Ernie Izzard

Personal information
- Nickname: The Herne Hill Hairpin
- Nationality: British
- Born: Ernest Alfred Izzard 25 February 1905 Herne Hill, England
- Died: December 1970 (aged 65)
- Weight: Featherweight, lightweight

Boxing career

Boxing record
- Total fights: 126
- Wins: 95
- Win by KO: 31
- Losses: 20
- Draws: 9
- No contests: 2

= Ernie Izzard =

English boxer

Ernest Alfred Izzard (25 February 1905 – December 1970) was a British boxer who was British lightweight champion between 1924 and 1925 and went on to fight for European and British Empire titles.

==Career==
Born in Herne Hill, Izzard was nicknamed "The Herne Hill Hairpin" and began his professional career in 1920. Initially a featherweight, he was a contender for the British title at that weight and beat Jack Alexander in a title eliminator in February 1924. He moved up to lightweight and, after beating Tommy McInnes and Alf Mancini, fought Jack Kirk in November 1924 for the vacant British title, winning on points over twenty rounds. He successfully defended the title in April 1925 against Teddy Baker, and two months later faced Harry Mason with Izzard's British and Mason's European lightweight titles at stake; Izzard retired at the start of the ninth round, giving Mason both titles. He had three further fights that year - wins over Belgian champion Henri Dupont and Rene Kelly and a loss by fourth-round knockout to Ernie Rice.
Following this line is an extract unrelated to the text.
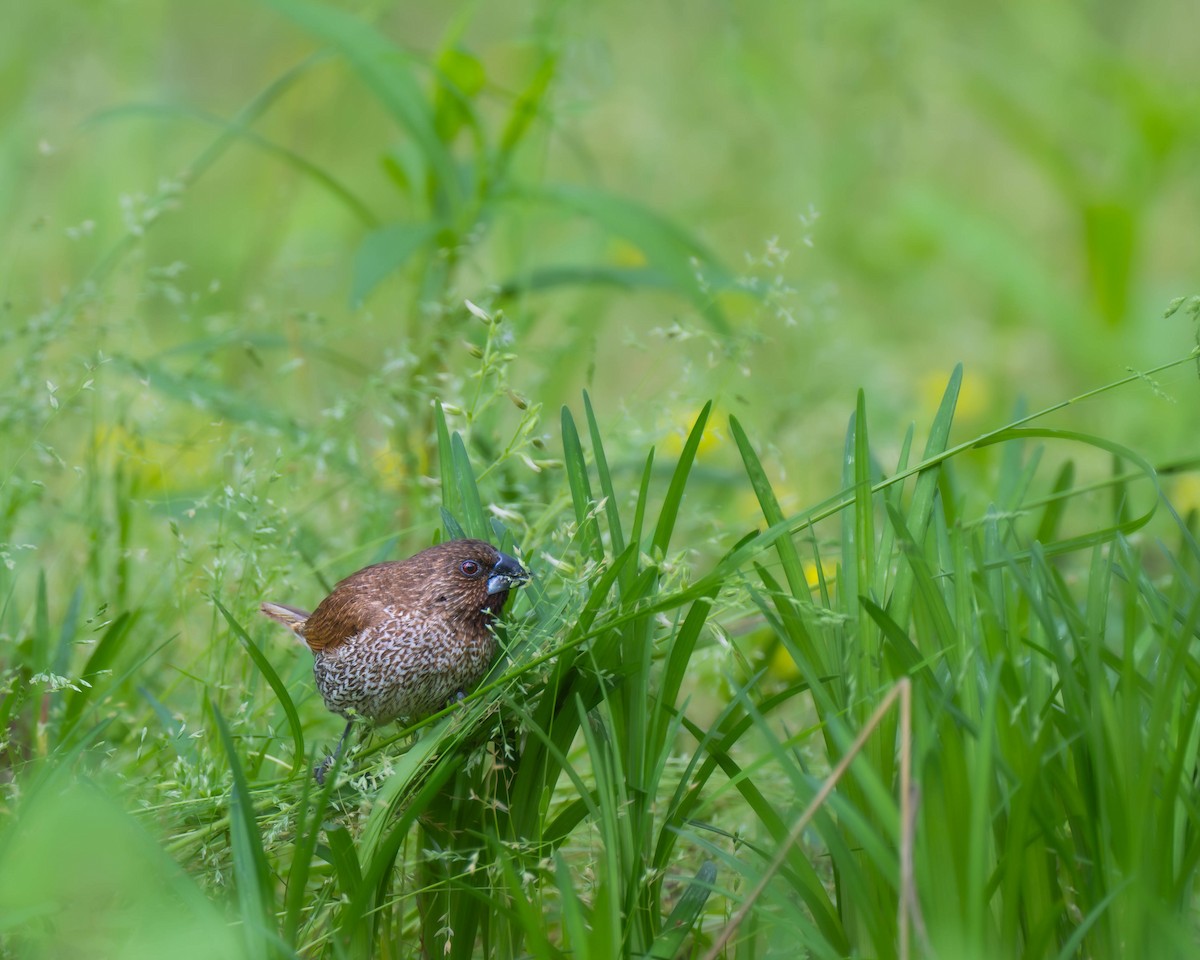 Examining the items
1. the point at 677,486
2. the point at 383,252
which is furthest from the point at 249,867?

Izzard appeared in newspaper advertisements endorsing Virol (a bone-marrow preparation) in the mid 1920s, stating that having been born with a weight of only 3lbs and 2oz, taking the product had turned him into a championship boxer.

In 1928 he travelled to Australia for a series of fights starting with a draw with Charlie Purdy in January, a win over Irishman Bob Miller in April, and a win over Purdy in May. In June he challenged Tommy Fairhall for the British Empire lightweight title at the Sydney Stadium, losing on points over fifteen rounds.

Izzard continued to fight regularly until the end of 1930. He had one drawn fight in 1931, four fights in 1932, then was out of the ring for three years before returning for two fights in 1935 before retiring. In a career in which he had at least 126 fights, he won 95, 31 by knockout.

In 1932 he was appointed to the position of boxing coach for the Oxford University Boxing Club.

Ernie Izzard died in December 1970, aged 65.